Другой пример — уже в делах сугубо внутренних. Лето 1992-го года. Проводится плановая проверка администрации Москвы. И тут (судя по всему, из-за жалоб тогдашнего мэра Лужкова) президент поручает мне сначала прекратить проверку, а после моего отказа выполнить переданное через первого помощника устное указание, подписывает письменное поручение — приостановить проверку до выяснения каких-то деталей. После чего на протяжении полугода я вынужден был трижды непосредственно устно, дублируя это письменными служебными записками, обращаться к президенту с обоснованиями необходимости, «прояснив детали», все же продолжить проверку. А после того, как президент в беседе со мной заявил, что «мы опираемся на Лужкова», в служебной записке и устном разговоре я вынужден был прибегнуть к последнему аргументу: мы — внутренний контроль, не публичный, по его результатам президент имеет право принять любое решение, но не имеет права вообще отказываться от информации. Тем не менее, разрешение на продолжение проверки президент так и не дал. То есть, совершенно сознательно отказался от необходимой получить объективную информацию для сколько-нибудь адекватного управления.
Третий пример — на стыке дел внутренних и внешних, включая дела военные. Тот же 1992-й год, осень. Завершена проверка управления торговли Министерства обороны в Западной группе войск.
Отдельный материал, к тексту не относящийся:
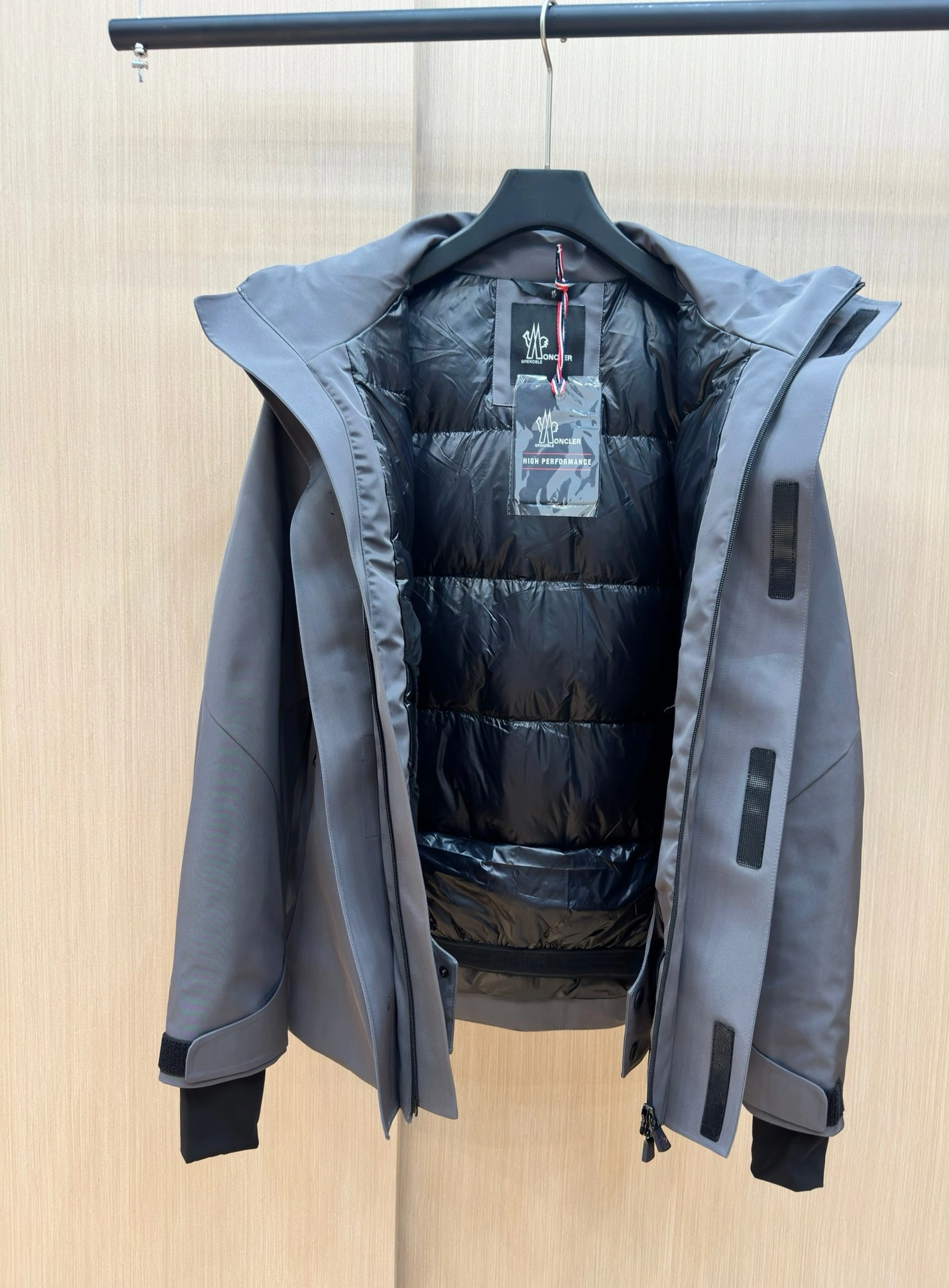 Moncler Down Jackets Neat 145818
Президенту за моей подписью представлены материалы о масштабнейших и позорнейших на весь свет злоупотреблениях: военное имущество и горюче-смазочные материалы в колоссальных объемах разбазариваются — продаются за бесценок подставным фирмочкам с дальнейшей перепродажей в Германии по цене на порядок дороже, чем внутренние тогда российские цены. И весь мир это мародерство начальства в отношении ресурсов наших вооруженных сил наблюдает — скрывать подобное ведь никак невозможно.
Сообщаю президенту, что право ознакомиться с материалами запросил назначенный им же председатель специальной комиссии по борьбе с коррупцией генерал А.В.Руцкой (одновременно еще и вице-президент) и слышу ответ: отказать.
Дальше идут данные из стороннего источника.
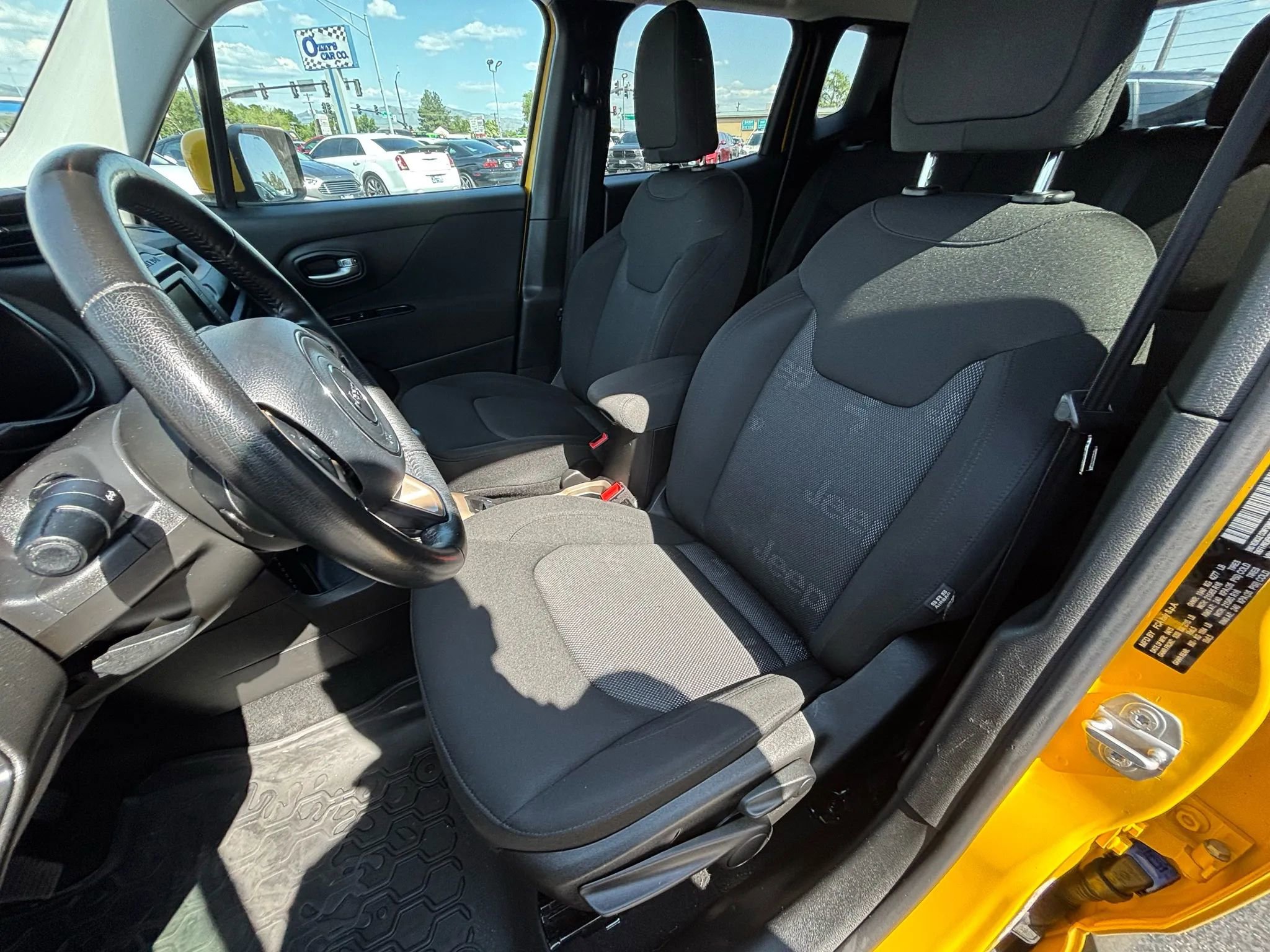 Used 2015 Jeep Renegade Latitude image 5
И как, на основе какой информации в таких условиях вице-президент должен был организовывать борьбу с коррупцией?
Печально в этом смысле закончилась и история самого контрольного управления. Обращаю внимание: нас в данном случае интересует не судьба конкретных личностей — руководителей и не судьба конкретной структуры именно с таким названием, но механизм оборота информации — обеспечение центров принятия решений адекватной информацией.
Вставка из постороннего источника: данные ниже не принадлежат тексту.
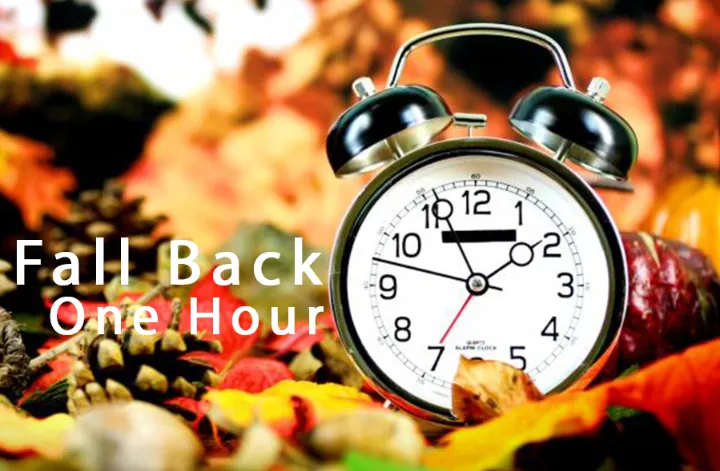 ساعت‌ها در کبک و انتاریو در ششم نوامبر، یک ساعت به عقب کشیده می‌شود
Так вот: контрольное управление и должность главного государственного инспектора — начальника контрольного управления администрации президента России весной 1993-го года были упразднены. Контрольное управление было тут же вновь воссоздано, но по тогдашнему новому положению его начальник подчинялся уже не непосредственно президенту России, а некому спешно созданному вроде «контрольно-наблюдательному совету», в который входили как раз те, кого и надлежало проверять: министры и губернаторы. Что при этом случилось с самой возможностью получения президентом достоверной информации непосредственно из первых рук? От возможности получения такой информации тогдашний президент добровольно отказался.
Понятно, что приведенные мною примеры относятся к уже далекому от нас ныне периоду, и президент теперь совсем другой. Но если вновь и вновь совершаются ошибки, причем ряд из них — совершенно явно на основе отсутствия у центров подготовки и принятия решений адекватной информации, то уместен вопрос: может быть, во всей системе организации государственной власти, в том числе, в системе обеспечения центров принятия решений объективной и достоверной информацией, что-то надо исправить?